On the 10th day of Christmas we celebrate Sts. Zosimus and Athanasius, Martyrs (d:303) or Octave Day of St. John.
Gather round for a bedtime story sure to give the kids a thrill!
A long time ago, in Asia Minor, specifically Cilicia in what is modern Turkey, there was a monk named Zosimus. He lived as a hermit in the wild. He was caught and tortured under Emperor Diocletian (the jerk before Constantine who liked to kill Christians). Athanasius was a Commentarisius, or in charge of the prisoners, where Zosimus was imprisoned.
Zosimus faith was never broken and neither was his body (although some accounts say his ears were burnt off by a red hot poker and then dunked in molten iron, he got better). Athanasius watched his torture, and was so moved by the miracle, he converted and was baptized. Having been found out, Athanasius was then tortured too. They were both released and went to spend the rest of their lives living as hermits, until they died presumably because of the torture, ergo martyrs. But it was said to be a happy death.
I know we’re an odd bunch.
Both of these Saints are listed in the Martyrology and they are Pre-Congregation (which just means they were canonized before the modern investigation into the Causes for Saints).
As for it being the Octave Day of St. John: Octaves were a big thing in prior to Vatican II, in the Tridentine or Latin Mass. There’s several different types of the Mass in this Rite, some being celebrated with a whole bunch of clergy of many ranks to one priest and alter servers, some with all singing, some with none. But I digress.

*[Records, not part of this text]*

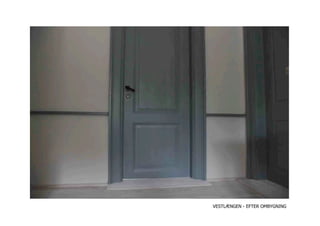 VESTLÆNGEN - EFTER OMBYGNING
 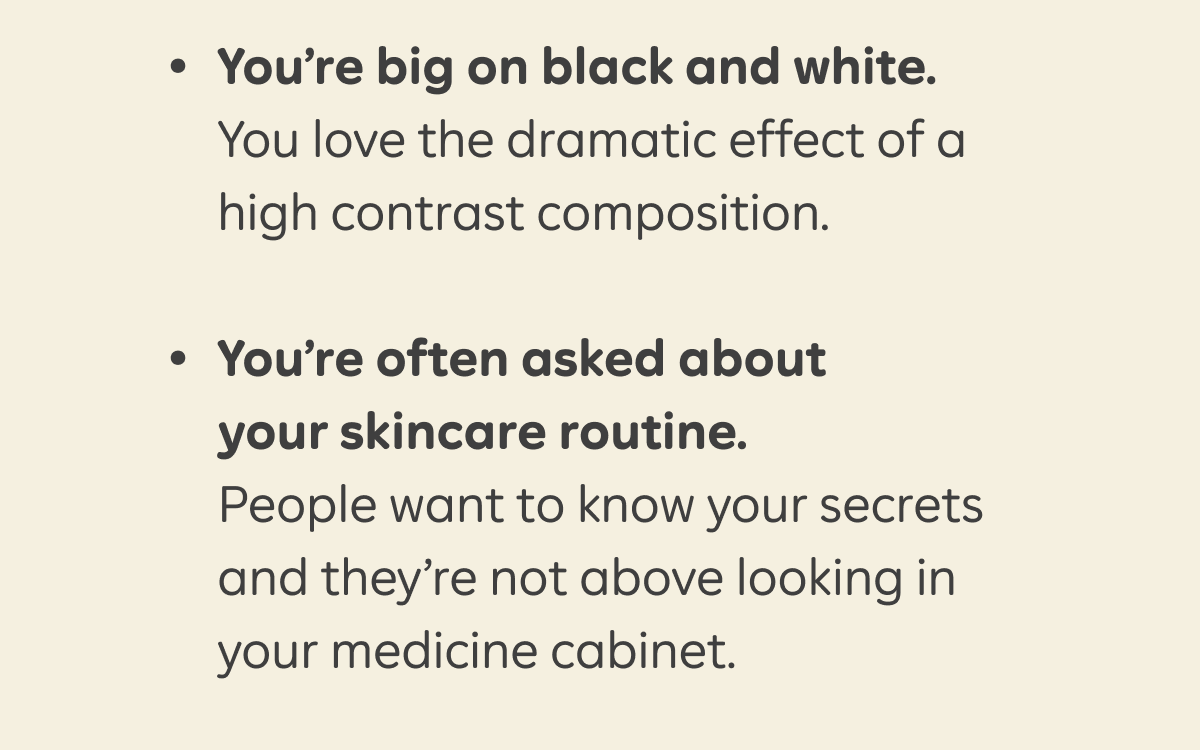 - You’re big on black and white. You love the dramatic effect of a high contrast composition.  - You’re often asked about your skincare routine. People want to know your secrets and they’re not above looking in your medicine cabinet.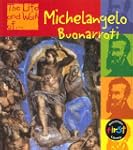 The Life and Work of Buonarroti Miche...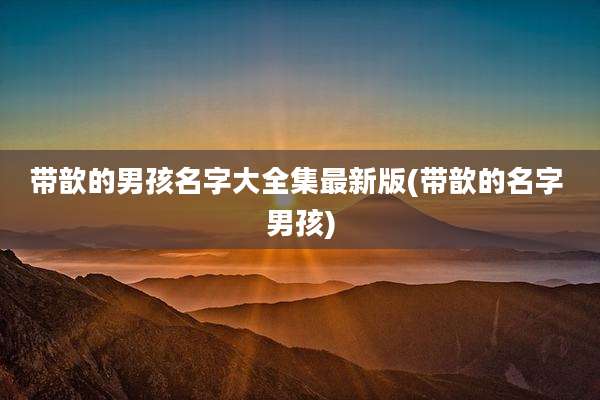 带歆的男孩名字大全集最新版(带歆的名字 男孩)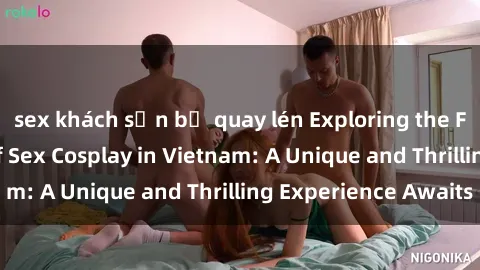 sex khách sạn bị quay lén Exploring the Fascinating World of Sex Cosplay in Vietnam: A Unique and Thrilling Experience Awaits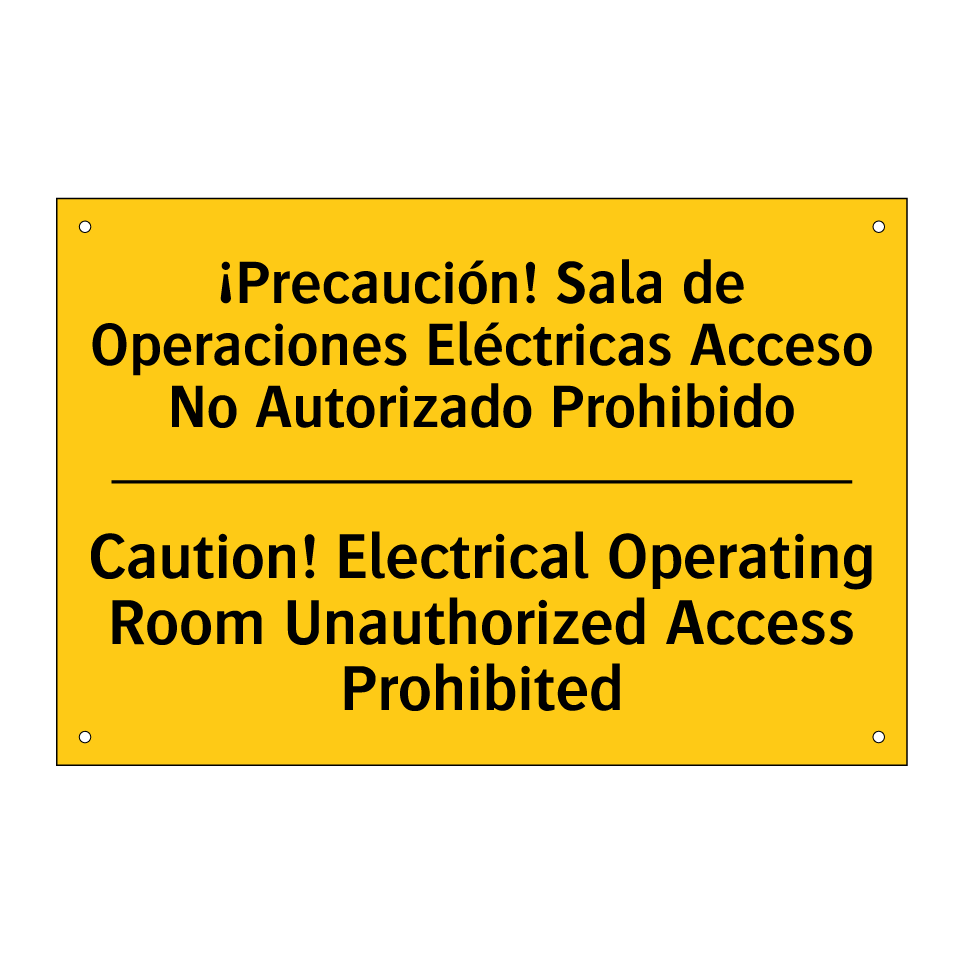 ¡Precaución! Sala de Operaciones Eléctricas Acceso No Autorizado Prohibido - Caution! Electrical Operating Room Unauthorized Access Prohibited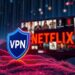 Dlaczego warto korzystać z VPN do Netflixa? Odkryj korzyści!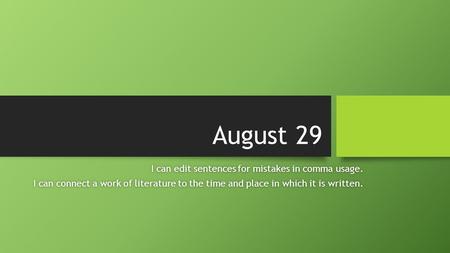 August 29 I can edit sentences for mistakes in comma usage.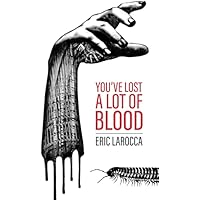 You've Lost a Lot of Blood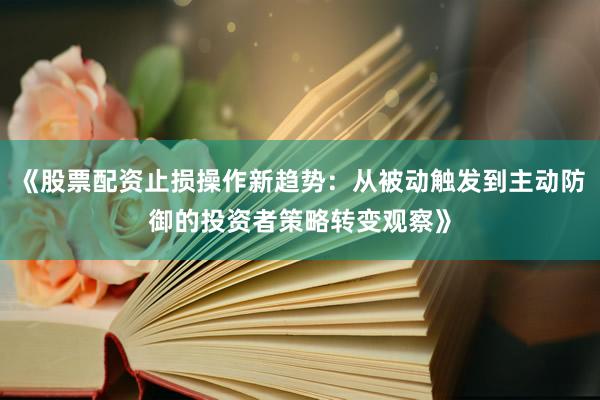 《股票配资止损操作新趋势：从被动触发到主动防御的投资者策略转变观察》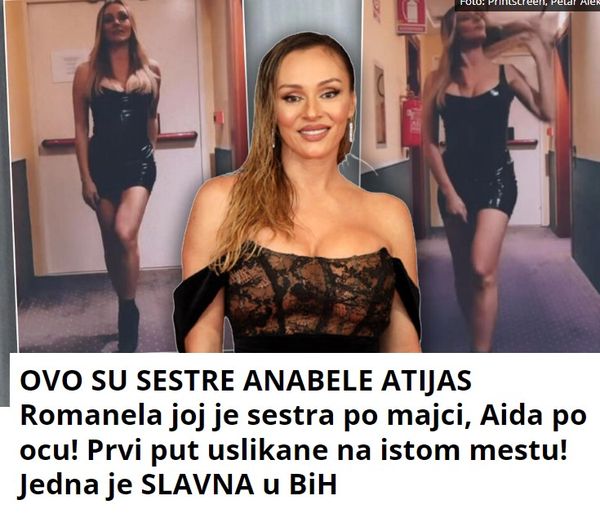 OVO SU SESTRE ANABELE ATIJAS Romanela joj je sestra po majci, Aida po ocu! Prvi put uslikane na istom mestu! Jedna je SLAVNA u BiH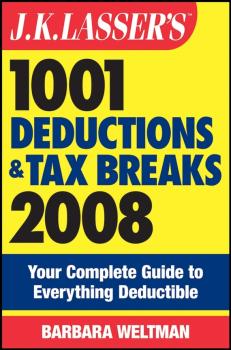 J.K. Lasser's 1001 Deductions and Tax Breaks 2008. Your Complete Guide to Everything Deductible - Barbara  Weltman 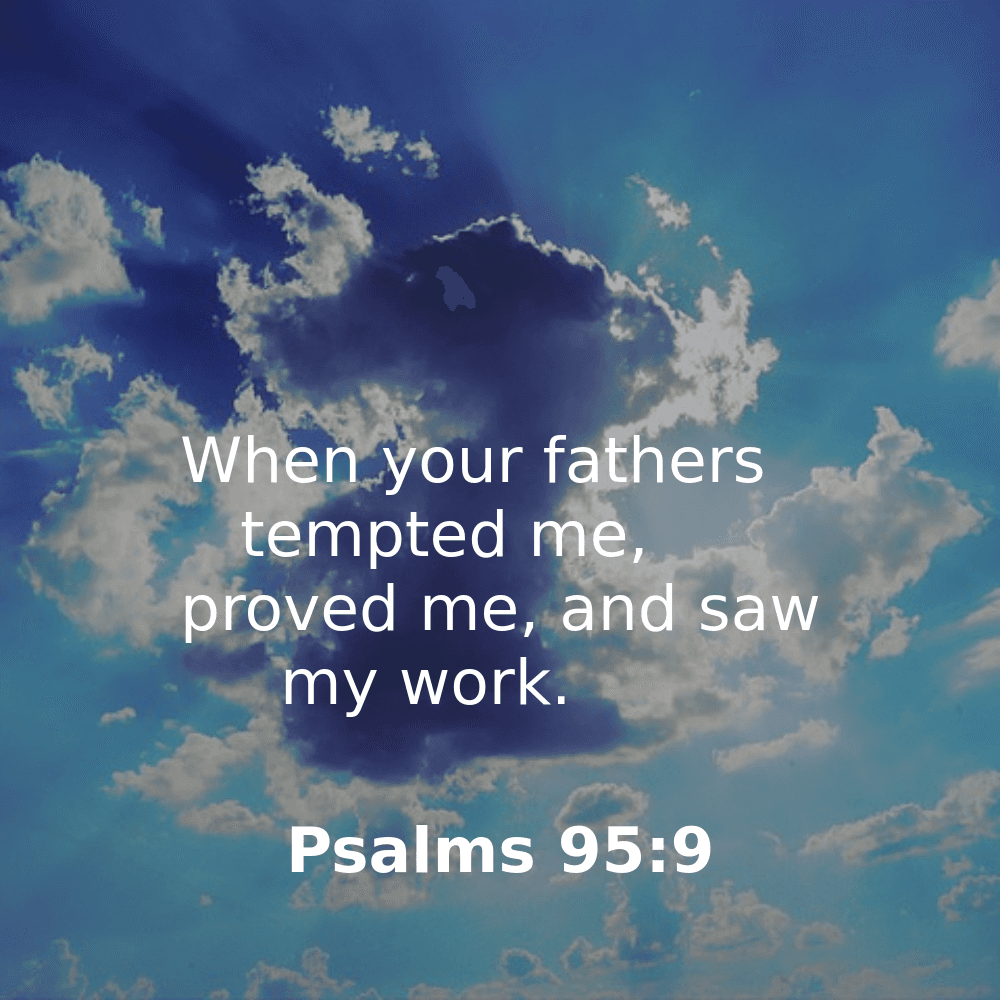 Psalms 95:9 - Bibleverses.net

Octaves had 2 different meanings. The first being the 8 days after a feast. The second being a celebration of a feast lasting of 8 days. (There’s also something about Octaves having to do with the Jewish circumcision practice taking place 8 days after birth, which we just celebrated the Feast of the Circumcision of Jesus on the Octave or 8th day of Christmas)
The practice started with Constantine (306-337), was eventually reduced down to 18 by Popes Pius V (P:1566-1572), Leo XIII (P:1878-1903), Pius X (P:1903-1914), as it got a little out of hand, Feast Day Octaves and Octaves of Feast Days everywhere. Pope Pius XII reduced it even more to include only Christmas, Easter, and Pentecost in 1955, and Pope Paul VI removed the Pentecost Octave.
The above picture is what the Octaves were at the beginning of the 20th Century. To learn more, Wikipedia actually has a decent page on it (where the screenshot came from)
But anyways, it’s also the 8th day after the Feast of St. John, Apostle and Evangelist along with being the Feasts of Sts. Zosimus and Athanasius.